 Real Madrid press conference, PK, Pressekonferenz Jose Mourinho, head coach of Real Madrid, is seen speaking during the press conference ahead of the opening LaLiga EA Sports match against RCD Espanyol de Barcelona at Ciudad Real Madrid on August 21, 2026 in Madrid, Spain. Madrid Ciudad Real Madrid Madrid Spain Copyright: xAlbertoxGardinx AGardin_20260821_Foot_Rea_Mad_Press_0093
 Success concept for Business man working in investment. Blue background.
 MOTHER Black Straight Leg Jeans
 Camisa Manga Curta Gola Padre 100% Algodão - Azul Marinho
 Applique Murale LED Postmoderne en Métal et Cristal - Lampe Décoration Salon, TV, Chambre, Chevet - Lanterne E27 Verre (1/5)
--
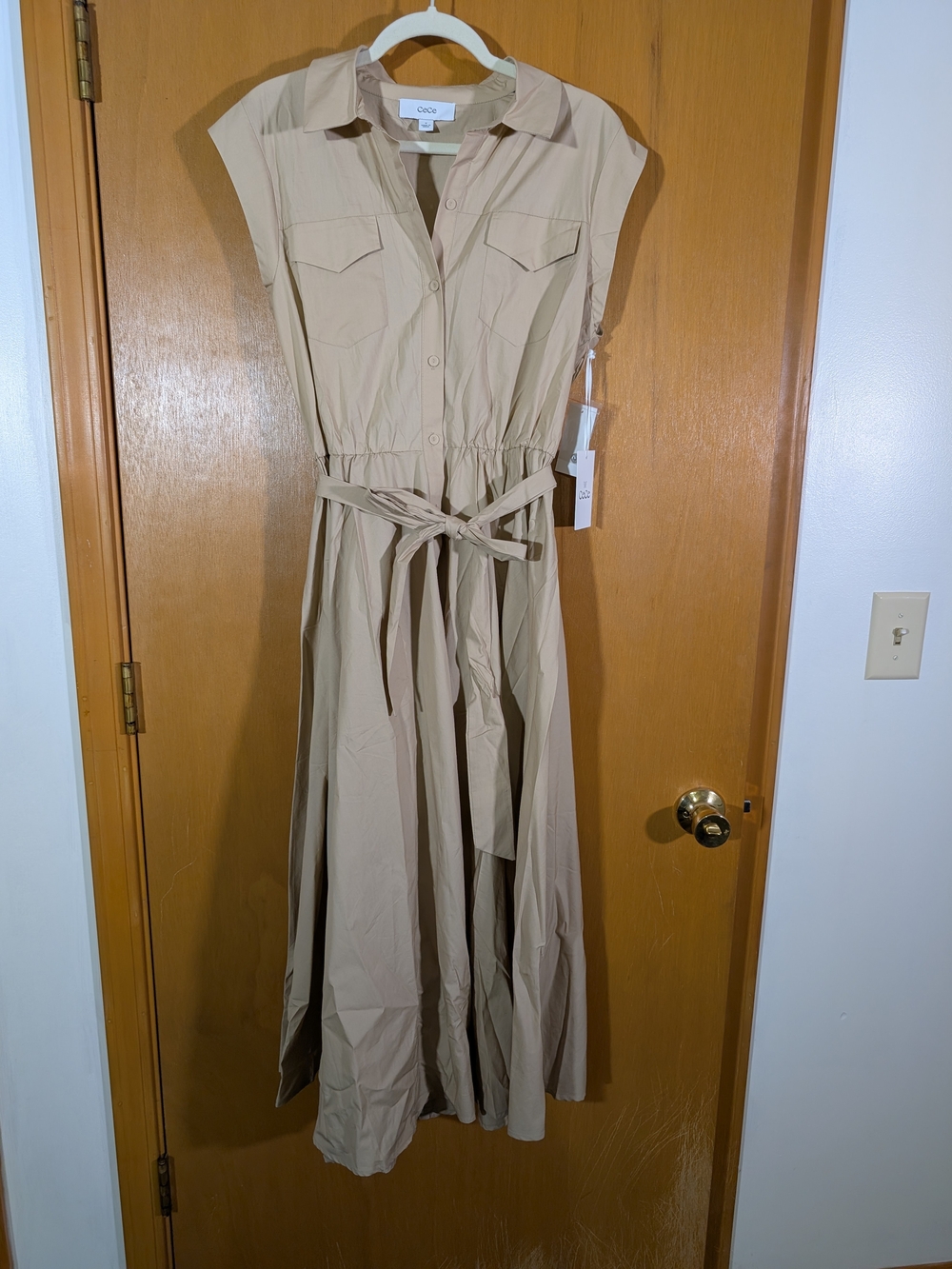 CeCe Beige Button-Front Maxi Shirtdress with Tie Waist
--
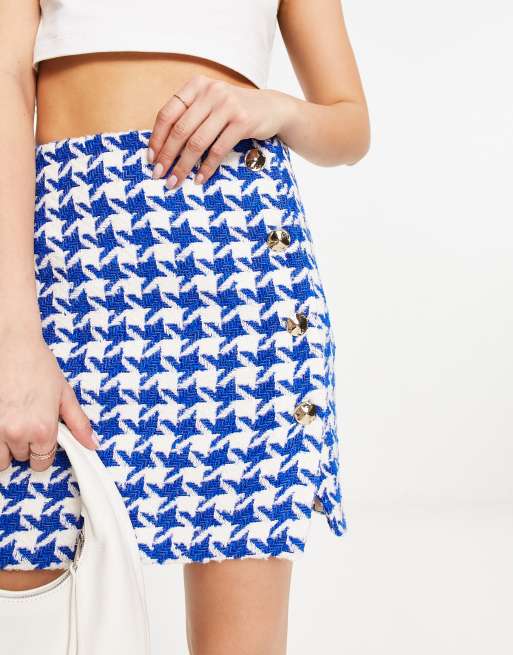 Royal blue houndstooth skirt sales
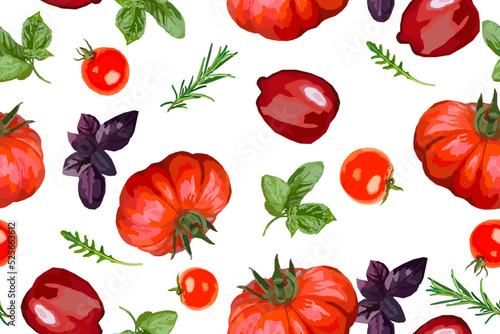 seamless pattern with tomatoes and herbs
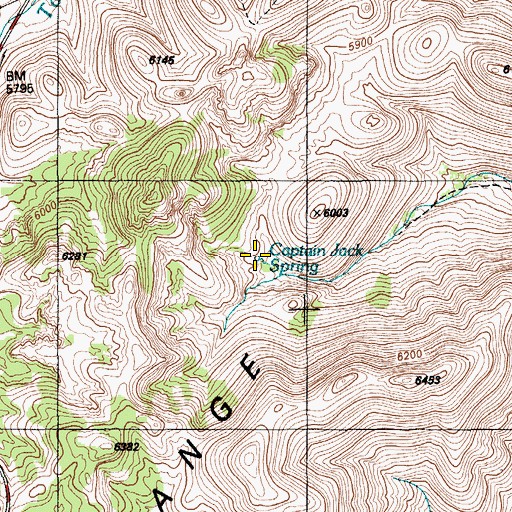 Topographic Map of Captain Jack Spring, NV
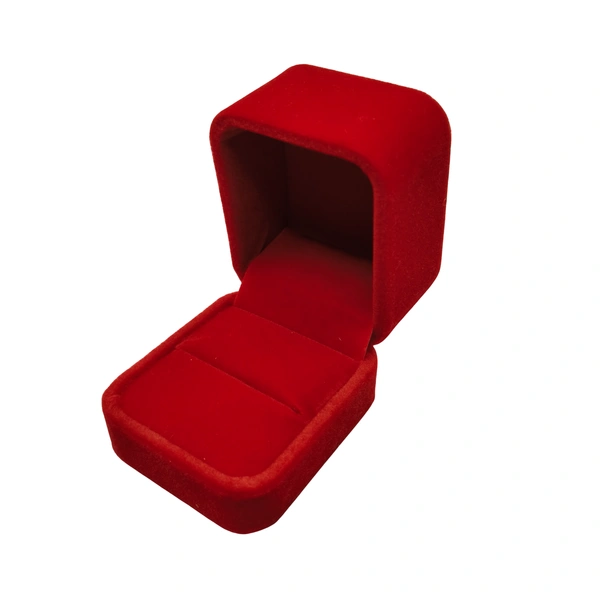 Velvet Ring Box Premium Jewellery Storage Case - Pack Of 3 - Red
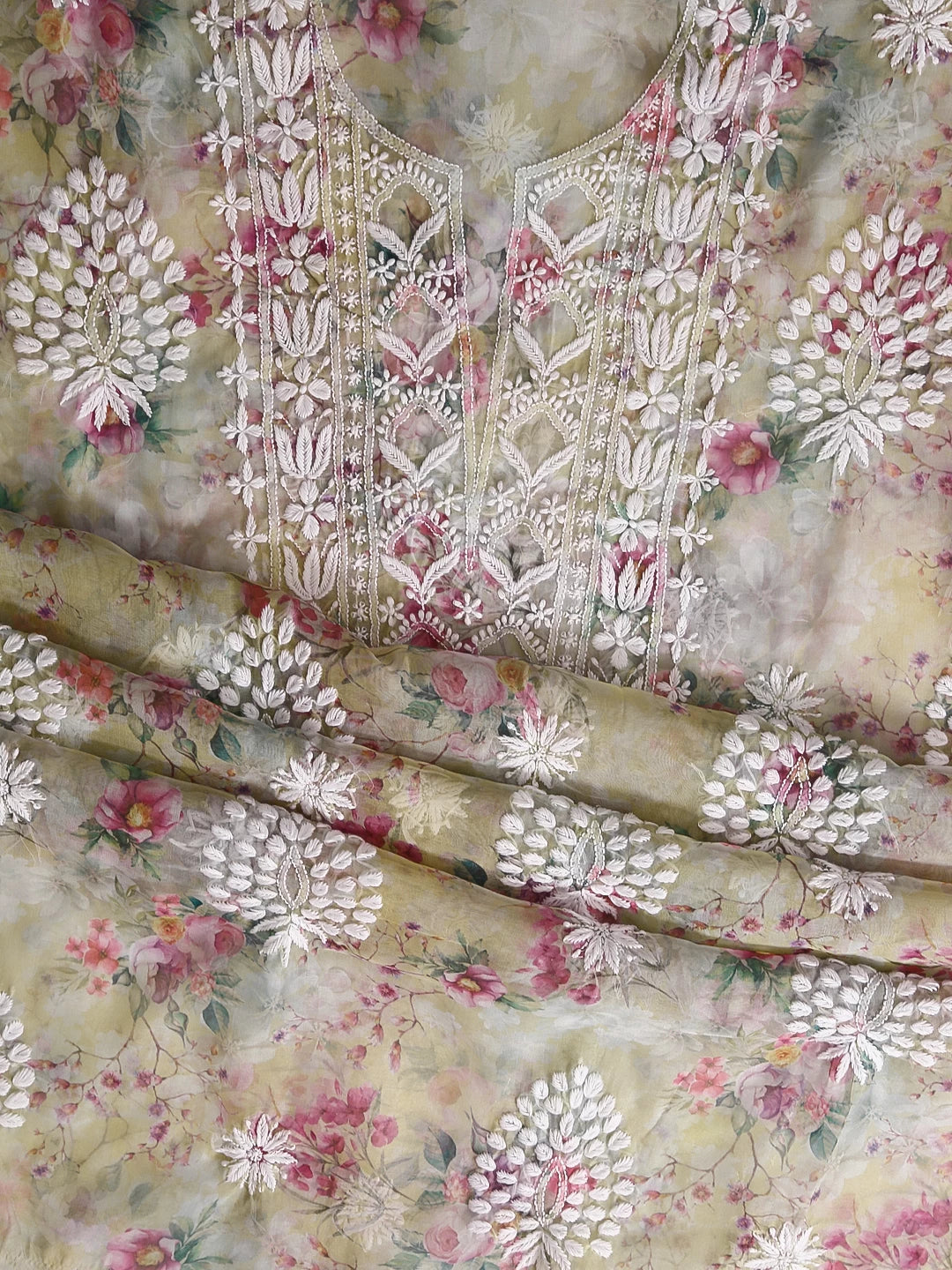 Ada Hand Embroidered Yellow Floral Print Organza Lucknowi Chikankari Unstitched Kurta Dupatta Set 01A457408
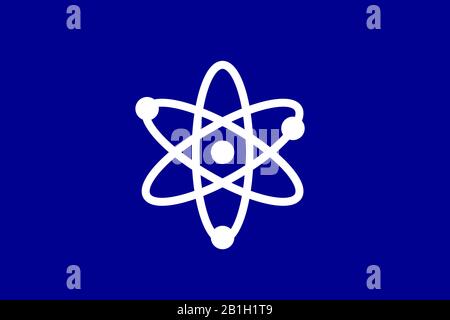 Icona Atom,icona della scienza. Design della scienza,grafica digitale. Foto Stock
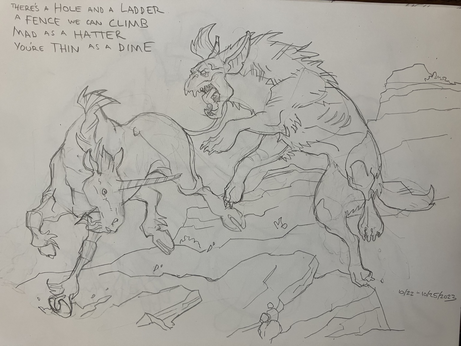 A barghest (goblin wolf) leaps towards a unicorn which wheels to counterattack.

#### Work instruction:
Among the entries above, find the line with "Velvet Ring Box" and repeat exactly from there through the line with "A barghest (goblin", leaving out the pictures.

#### The completed task:
 Velvet Ring Box Premium Jewellery Storage Case - Pack Of 3 - Red
 Ada Hand Embroidered Yellow Floral Print Organza Lucknowi Chikankari Unstitched Kurta Dupatta Set 01A457408
 Icona Atom,icona della scienza. Design della scienza,grafica digitale. Foto Stock
 A barghest (goblin wolf) leaps towards a unicorn which wheels to counterattack.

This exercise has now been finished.